Pur non conoscendo l’imprenditore piemontese, è chiaro che tutte le dichiarazioni fatte al lancio di Crazy Pizza e in prossimità dell’apertura della sede di Napoli abbiano avuto un intento provocatorio per ottenere tanta comunicazione gratuita, partendo innanzitutto dagli indignati e passando per i pizzaioli fino ad arrivare a servizi televisivi.
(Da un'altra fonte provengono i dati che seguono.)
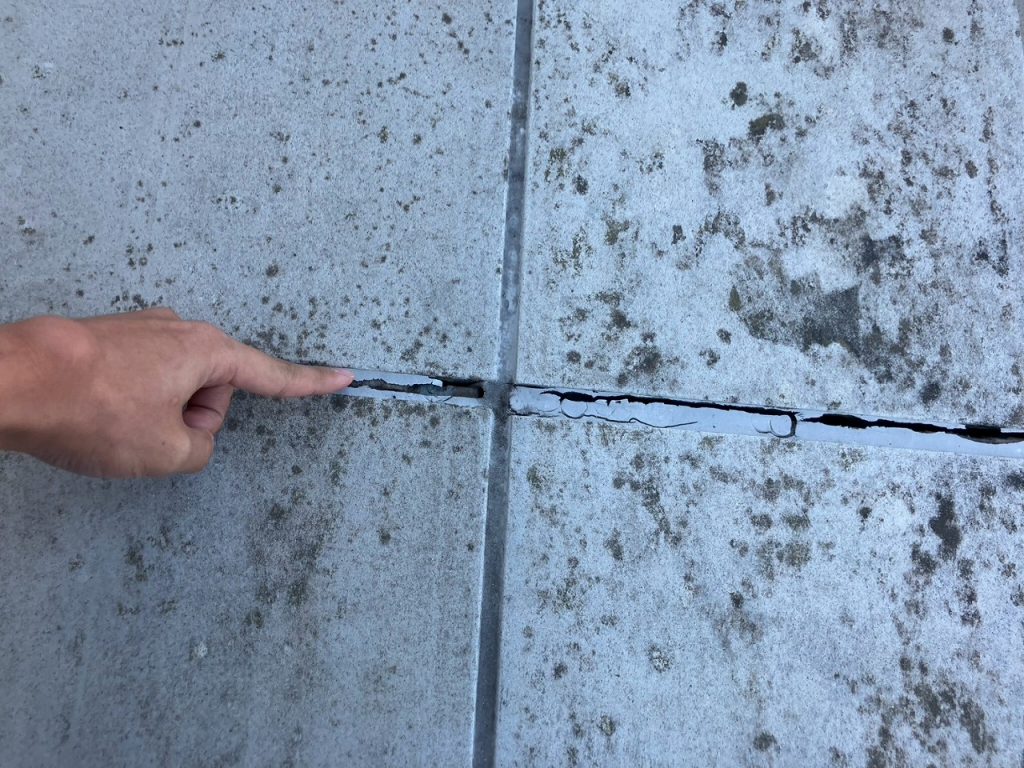 破断した目地シール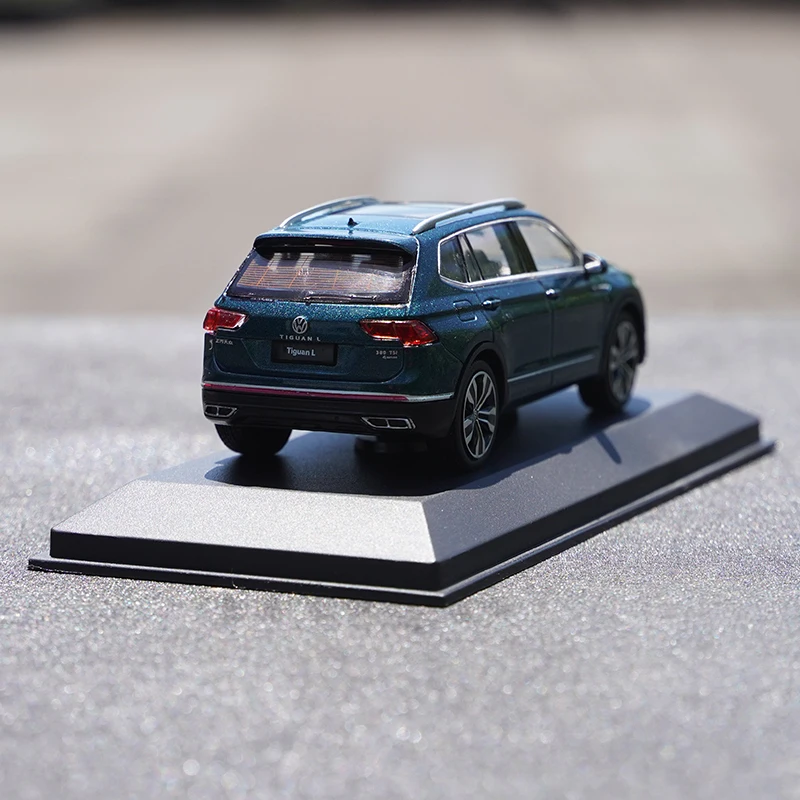 Diecast Alloy 1:43 Blue TIGUAN L 2022 Model 2 Diecast Alloy 1:43 Blue TIGUAN L 2022 Model - Image 2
A questo aggiungerei la certezza di una profonda ignoranza sull’argomento impasti, lievitazioni e pizzerie di qualità, da parte di un imprenditore che pensa a fare business e di certo non acculturarsi o godere di una pizza di livello in quanto appassionato non mosso dall’ennesima attività imprenditoriale intrapresa.
Missione compiuta, purtroppo o per fortuna: avete visto il litigio con Gino Sorbillo sulla dichiarazione citata in precedenza, per poi vedere il nostro prode pizzaiolo presenziare all’apertura e “fare pace”?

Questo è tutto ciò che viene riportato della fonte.